Last September, we initially made Klaxon available in a “developers release” intended for newsroom programmers to test and provide feedback. Today, we are pleased to announce Klaxon v 0.2.0, an updated version that can be deployed in any newsroom. This release adds new features and fixes bugs in the code, representing increased usability and polish. Among the improvements are easier creation of alerts, better management of a newsroom's collection of watched websites and more accurate reporting of changes.

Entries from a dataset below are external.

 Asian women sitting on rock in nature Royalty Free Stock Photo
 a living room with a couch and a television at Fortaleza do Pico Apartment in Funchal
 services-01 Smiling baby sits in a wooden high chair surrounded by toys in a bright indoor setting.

The Marshall Project has used Klaxon to report on government agencies at the local, state and federal levels. One change Klaxon spotted for us a couple weeks ago on the White House’s website illustrates its utility. In a policy statement on law enforcement and criminal justice, the White House initially stated, erroneously, that murders had risen 50 percent in Washington, D.C. A few days later, the White House quietly corrected itself by adding “over the past four years.” Because Klaxon was monitoring that page, we were alerted to this change before other news organizations. In addition to notifying you when a website changes, Klaxon compiles a history of each web page it watches, allowing you to track how government agencies, like the White House for example, revise their official policies and positions over time.

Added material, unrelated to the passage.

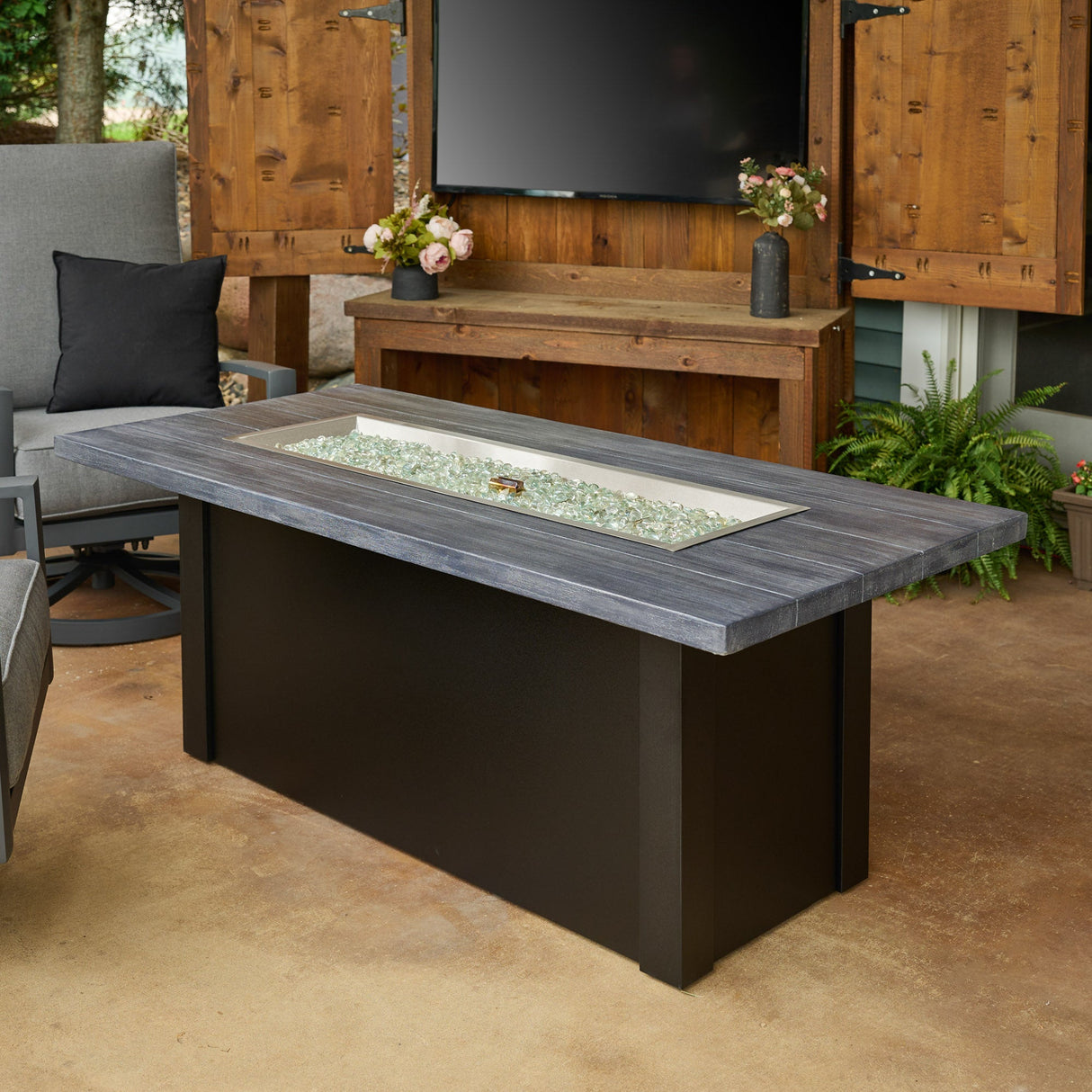 The Havenwood Linear Gas Fire Pit Table with a Carbon Grey top and Luverne Black base without a cover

Klaxon has already been used in the newsrooms of The New York Times, the Associated Press, ProPublica, the Seattle Times, the Texas Tribune, the Washington Post and more. To bring Klaxon to your newsroom, read about how to quickly set it up at the project’s Github repository. We welcome contributions from developer-journalists interested in building new features and from journalists wishing to make the documentation easier to navigate for new Klaxon adoptees. To get involved, read more here.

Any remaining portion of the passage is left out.